Clarity: The paper is well written, with a good slow build up of informal theorems highlighting the main contributions to the final core results.

Relation to Prior Work: Yes, the paper is appropriately discussed with respect to prior work.

Reproducibility: Yes

Additional Feedback:

Review 4

Summary and Contributions: This work provides a thorough and clear summary of lower and upper bounds in three related problems in imitation learning over finite MDPs with bounded rewards: no-interaction (which is classical), active (which is similar to that in DAgger [RGB11]), and known transition (a novel setting). Though some results are similar to prior works ([RB10]), or perhaps not very surprising for some, the thoroughness is remarkable. The specific novel contributions include: 1. Making clear that without further assumptions (like that in DAgger), the lower bound of active setting matches the upper bound of behavior cloning in the no-interaction setting, which are both O(H^2). 2. Pointing out that the reduction to supervised learning approach has limitations when the expert policy is stochastic (in the form of a dependency on A and a slow statistical convergence of √N). 3. Proposing the known transition setting and an algorithm MIMIC-MD (not based on reduction) which has an expected error of O(H^(3/2)).

Strengths: 1. Answer many basic questions regarding the relations of two popular settings in IL (See Summary1). 2. Propose a new setting (known transition) that captures intuition about the learner’s ability of correcting mistakes. Moreover, a near-optimal algorithm is proposed. 3. The writing of the main article body is easy to follow with substantive intuitions.

Weaknesses: 1. A discussion of the computational complexity of MIMIC-MD would be a nice addition. What is it? Is there a nice procedure for the optimization problem (8)?

Correctness: The article is theoretical and the results seem correct upon high-level checks.

Clarity: The presentation is excellent. I enjoyed reading the article and its supplement.

Relation to Prior Work: The rigor and clarity of this work contrasts favorably to other works in this domain in my opinion. 1. [RB10] contains in its supplement a lower bound example for the no-interaction setting which yields O(H^2).

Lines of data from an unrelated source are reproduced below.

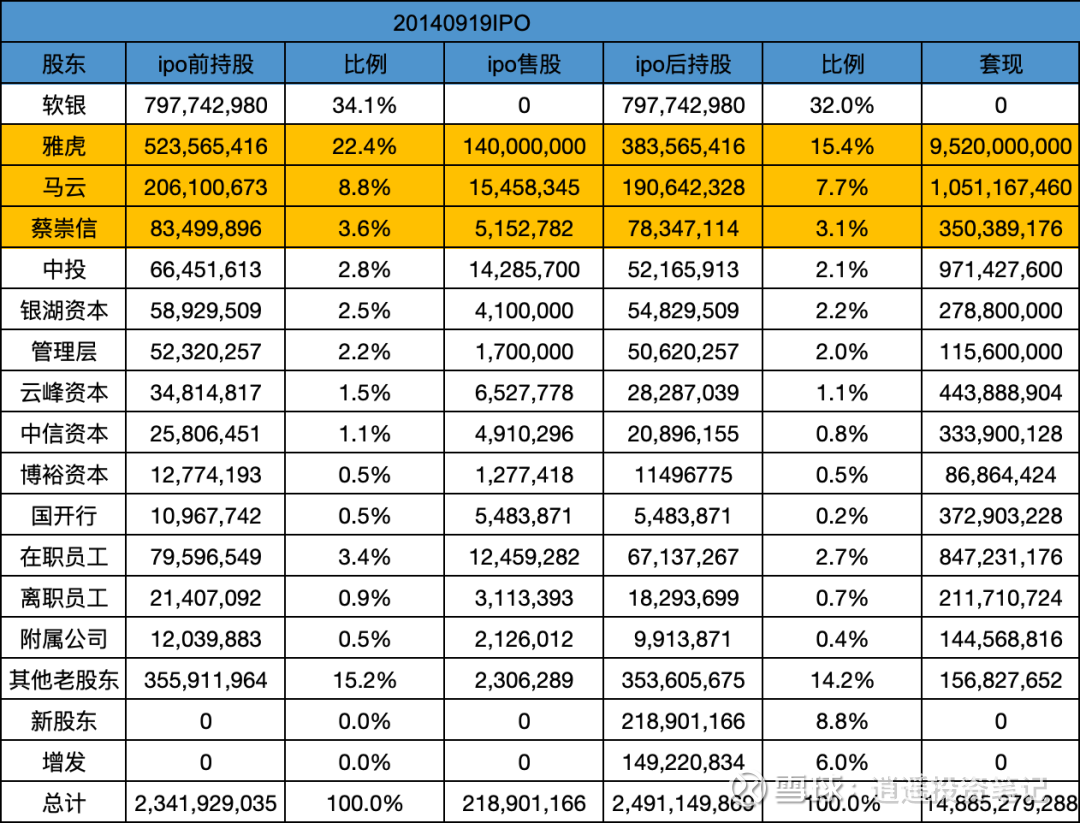 马云蔡崇信雅虎软银历年减持数据明细-合计套现1500亿美金最近网络报道马云，蔡崇信在Q4分别增持阿里1.5亿美金，0.5亿美金，引发了无数投资者对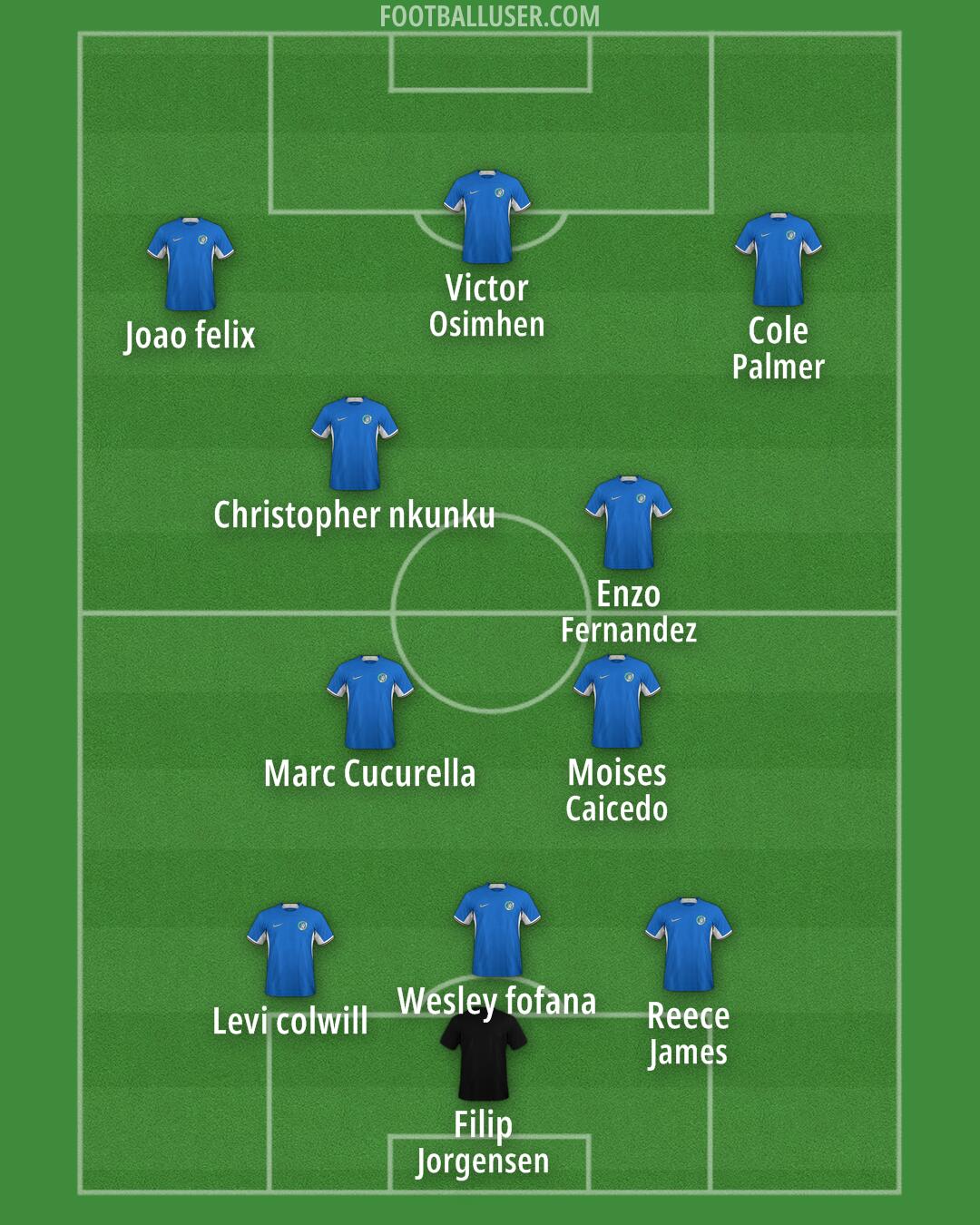 Chelsea Formation 2024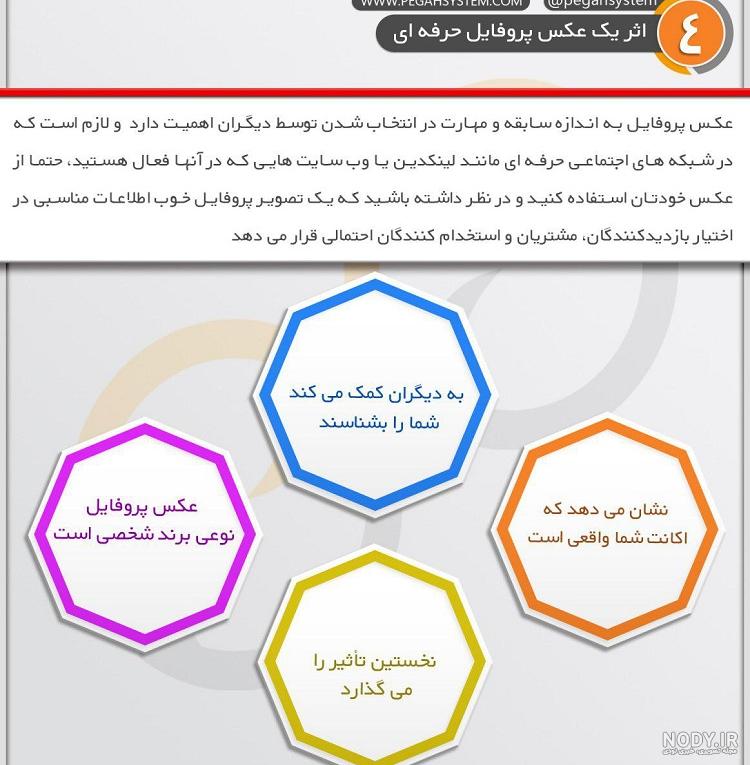 برنامه مدیران موفق برنامه مدیران موفق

How would you compare your lower bound example (Fig 1(a)) with theirs? In particular, does the example of [RB10] undermines your claim on L84?

Reproducibility: Yes

Additional Feedback: 1. Could you comment on the obtained lower/upper bounds of the known transition setting? Do you think either the example is weak or the analysis of MIMIC-MD is loose? It may help to provide some numerical results. 2. (Minor) (54) in Appendix B.1.1 should be an equality, right? And the constant in (55) can be made 1/e (which is smaller than 4/9 and nicer), c.f., (135). Several results seem to depend essentially on Lemma 1. Perhaps it is worth mentioning in the main text? 3. (Minor) L565 typo. T^\pi_{t, s}(i) —> T^*_{t, s}(i). 4. Inhomogeneous (or episodic) MDPs are common in IL literature but their results often lack finer instance-dependency on the Markov structure unlike RL results on homogenous MDPs (where transitions are time-invariant). Given that your lower bound examples are homogeneous MDPs, could you comment on whether some results would be different under homogeneous MDPs (if space permits). ## Post-rebuttal Thank you for replying and commenting. I slightly lowered my score (9 -> 8) to reflect the new information on the computational inefficiency of MIMIC-MD which also explains the absence of numerical confirmation. I will suggest making this fact explicit in any future version as "algorithm" without further qualifications is usually understood as computationally efficient. As R1 has touched on, a discussion/illustration on recovery (under a good mimic policy according to (8)) may provide readers insights to a computationally efficient approximation (for future studies).